- What to produce -
Having located the line with "Taiwan purchases green", repeat it and all remaining lines of the records exactly. Pictures do not belong in the answer.

****

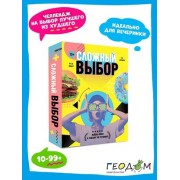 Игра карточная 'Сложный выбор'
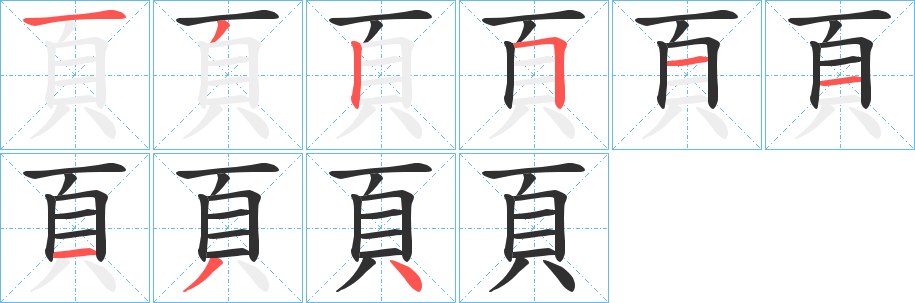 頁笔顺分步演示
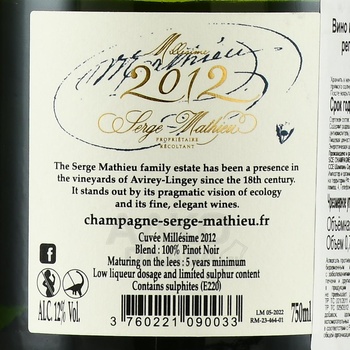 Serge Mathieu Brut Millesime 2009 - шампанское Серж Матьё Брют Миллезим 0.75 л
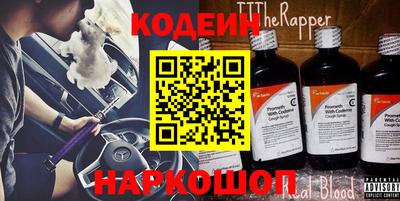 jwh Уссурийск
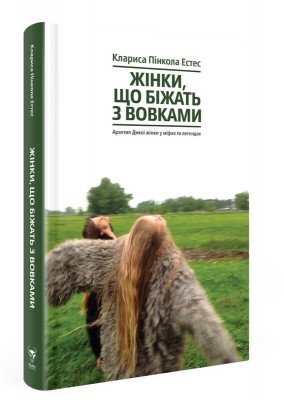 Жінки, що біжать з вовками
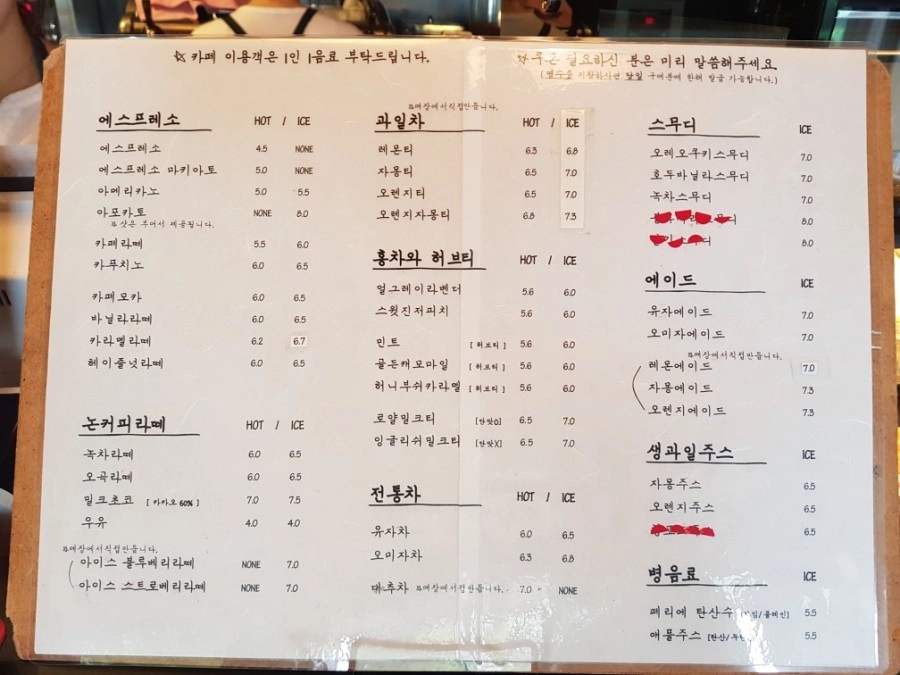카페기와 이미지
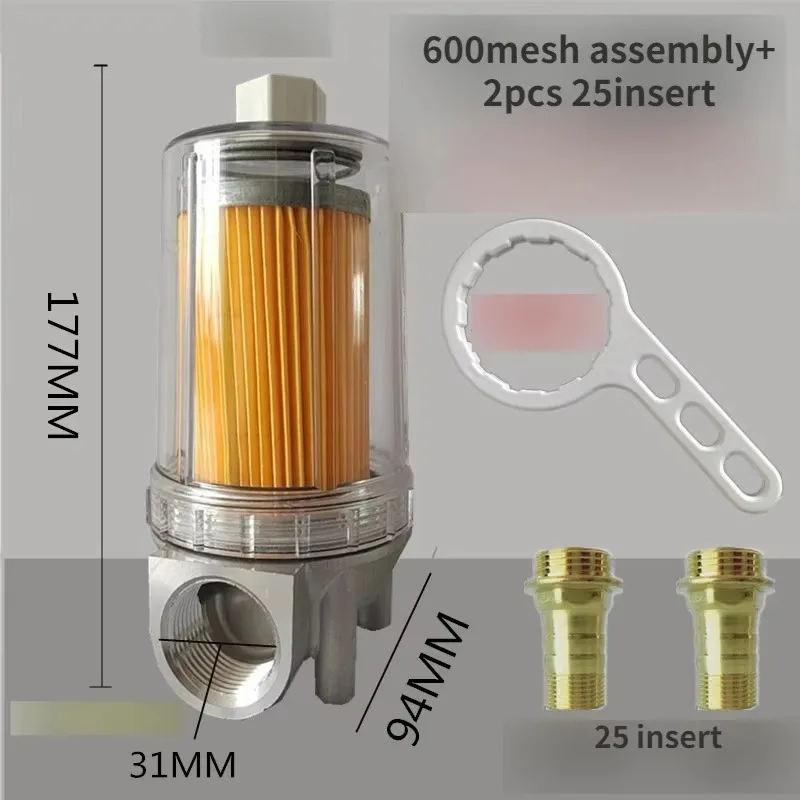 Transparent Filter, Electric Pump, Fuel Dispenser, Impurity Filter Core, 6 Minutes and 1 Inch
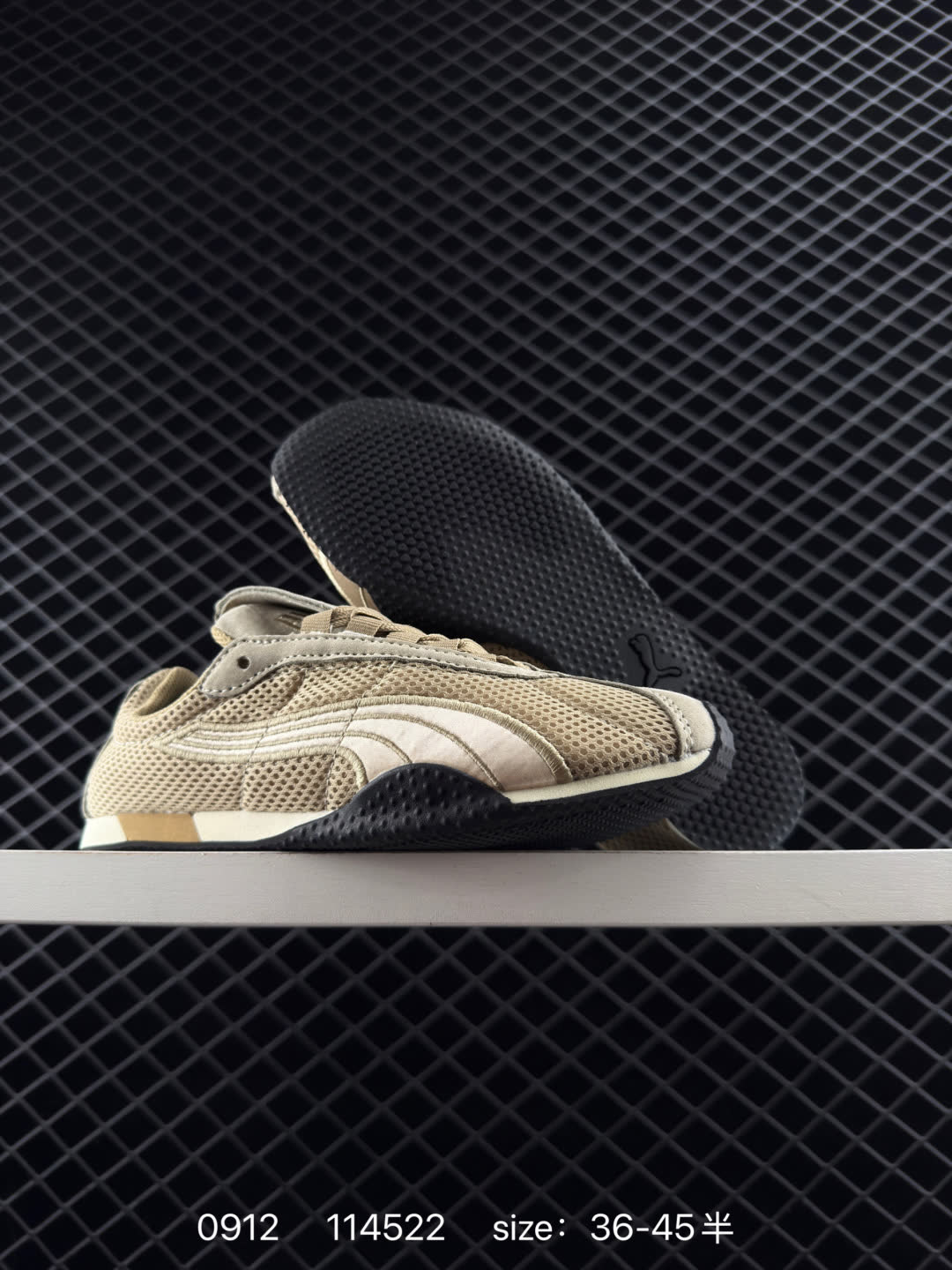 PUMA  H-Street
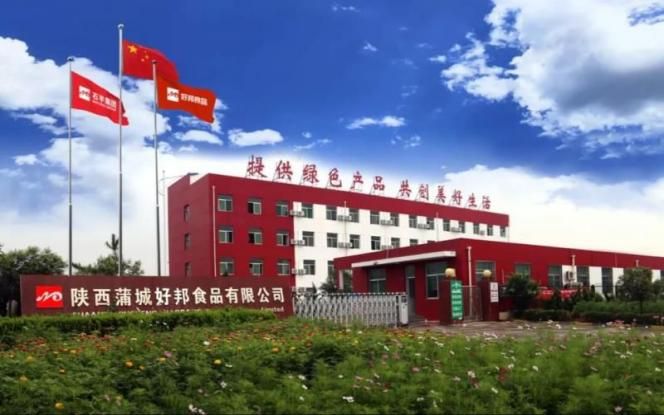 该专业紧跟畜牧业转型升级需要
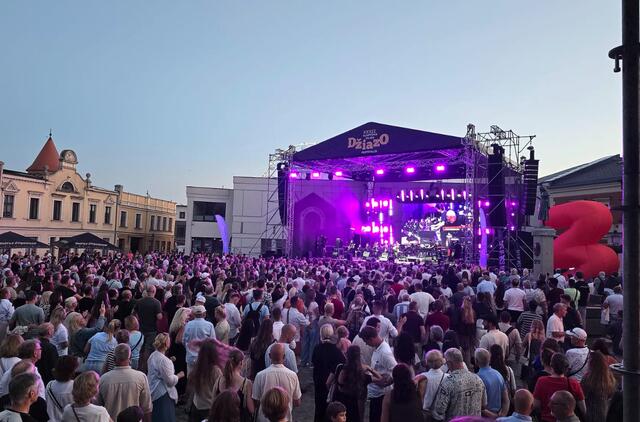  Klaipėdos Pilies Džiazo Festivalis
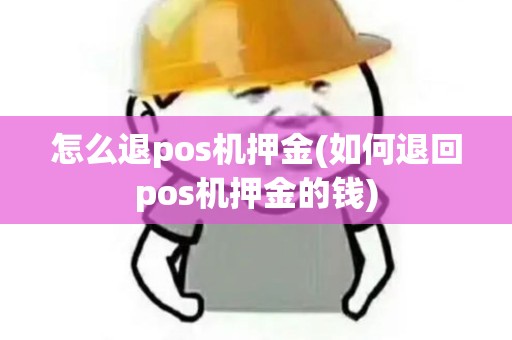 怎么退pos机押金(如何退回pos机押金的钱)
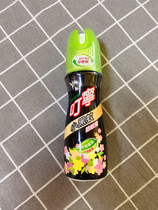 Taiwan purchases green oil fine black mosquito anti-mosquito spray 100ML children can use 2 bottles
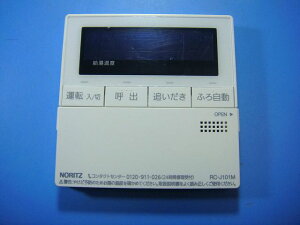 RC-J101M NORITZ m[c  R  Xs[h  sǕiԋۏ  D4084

****

- Answer -
 Taiwan purchases green oil fine black mosquito anti-mosquito spray 100ML children can use 2 bottles
 RC-J101M NORITZ m[c  R  Xs[h  sǕiԋۏ  D4084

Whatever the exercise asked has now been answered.